Restate the data word for word and leave the images out.

── TASK DATA ──

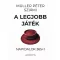 A legjobb játék - Napidalok 365+1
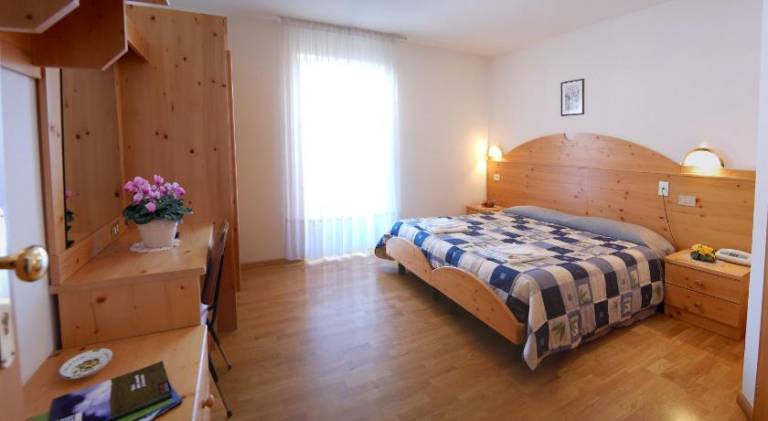 Hotel Miramonti — photo 2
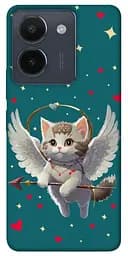 Чохол Demsky Амурчик для Vivo Y36
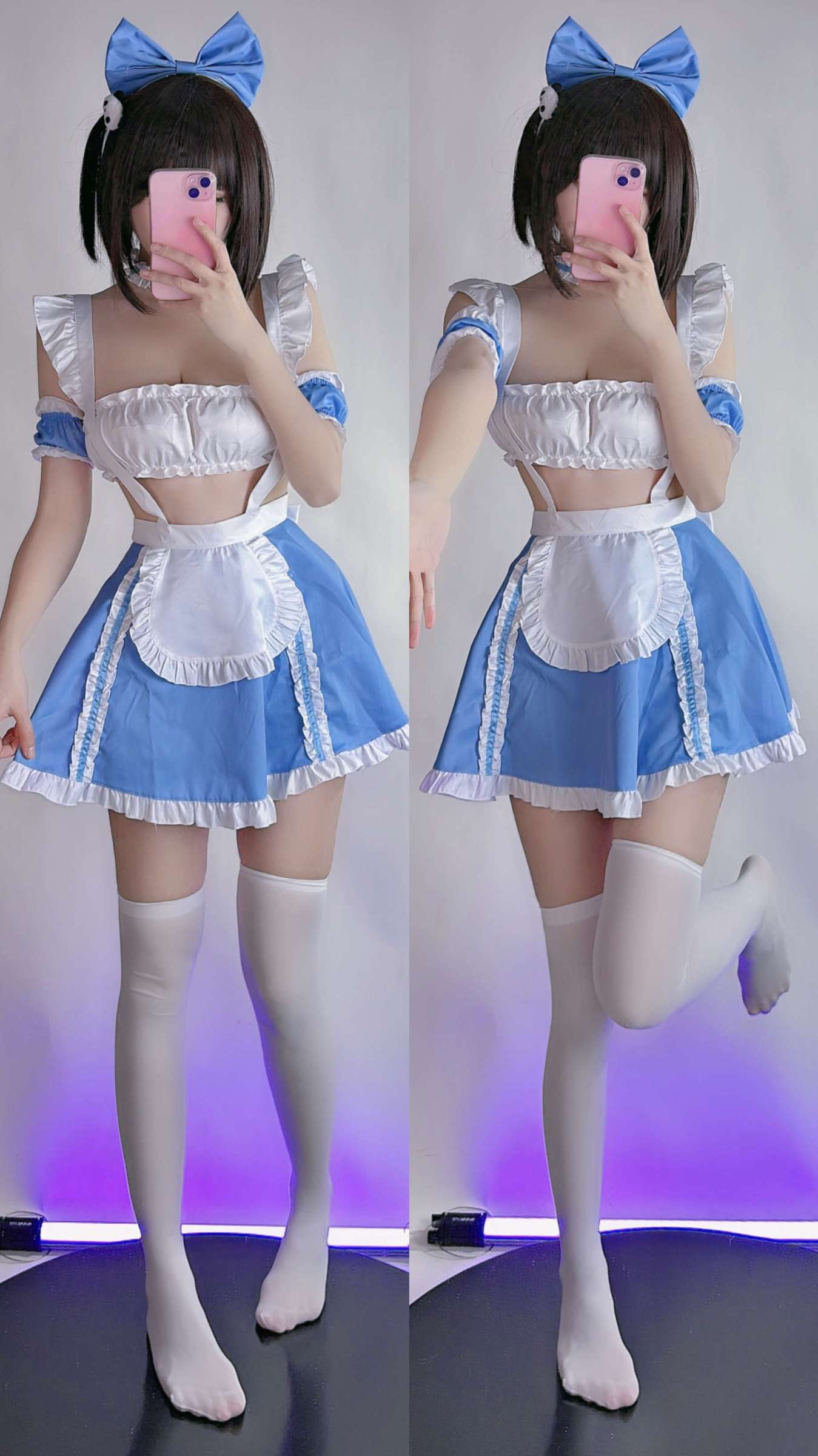 https://www.lss77.com/wp-content/uploads/2024/04/1713357265-218a0aefd1d1a4b-1349x2400.jpg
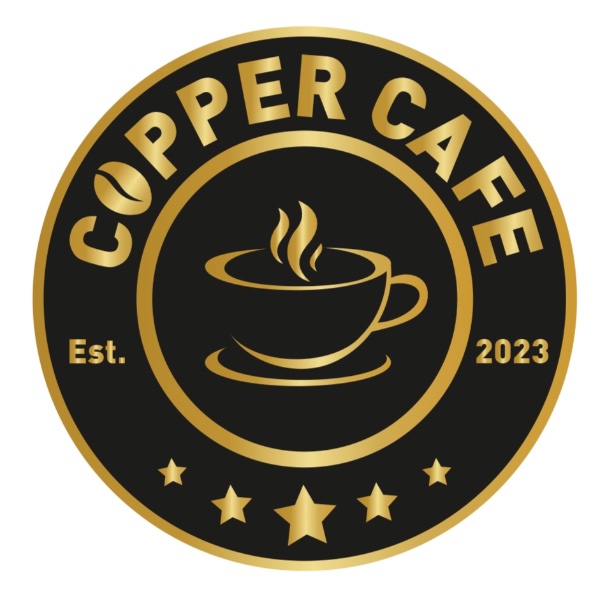 copper cafe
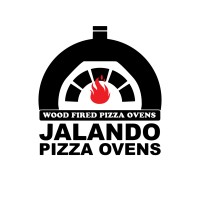 Jalando Pizza Ovens logo - Similar company to Victorian Temporary Fencing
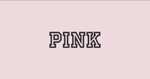 Victoria's Secret Pink: Sale auf 182 Produkte (u. a. Bralettes, Höschen oder Pullover), z. B. PINK Langärmeliges Kleid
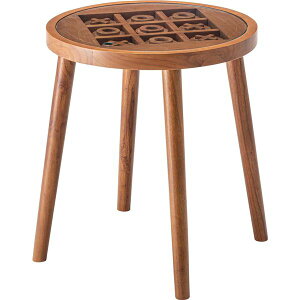 {[hQ[e[u  uE iW45×D45×H50cmj g  芴ڂ̖ؐ{[hQ[e[u  AuEJ[ TCY͖W45×D45×H50cm qlgőgݗĂy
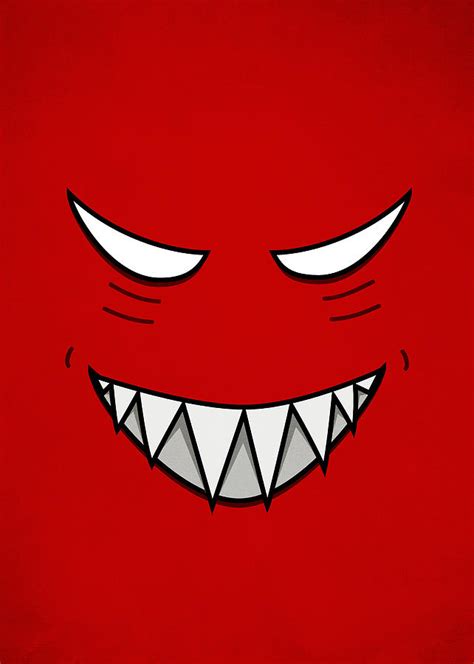 Free Evil Grin Cliparts Download Free Evil Grin Cliparts Png Images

───

## PROBLEM SOLUTION
 A legjobb játék - Napidalok 365+1
 Hotel Miramonti — photo 2
 Чохол Demsky Амурчик для Vivo Y36
 https://www.lss77.com/wp-content/uploads/2024/04/1713357265-218a0aefd1d1a4b-1349x2400.jpg
 copper cafe
 Jalando Pizza Ovens logo - Similar company to Victorian Temporary Fencing
 Victoria's Secret Pink: Sale auf 182 Produkte (u. a. Bralettes, Höschen oder Pullover), z. B. PINK Langärmeliges Kleid
 {[hQ[e[u  uE iW45×D45×H50cmj g  芴ڂ̖ؐ{[hQ[e[u  AuEJ[ TCY͖W45×D45×H50cm qlgőgݗĂy
 Free Evil Grin Cliparts Download Free Evil Grin Cliparts Png Images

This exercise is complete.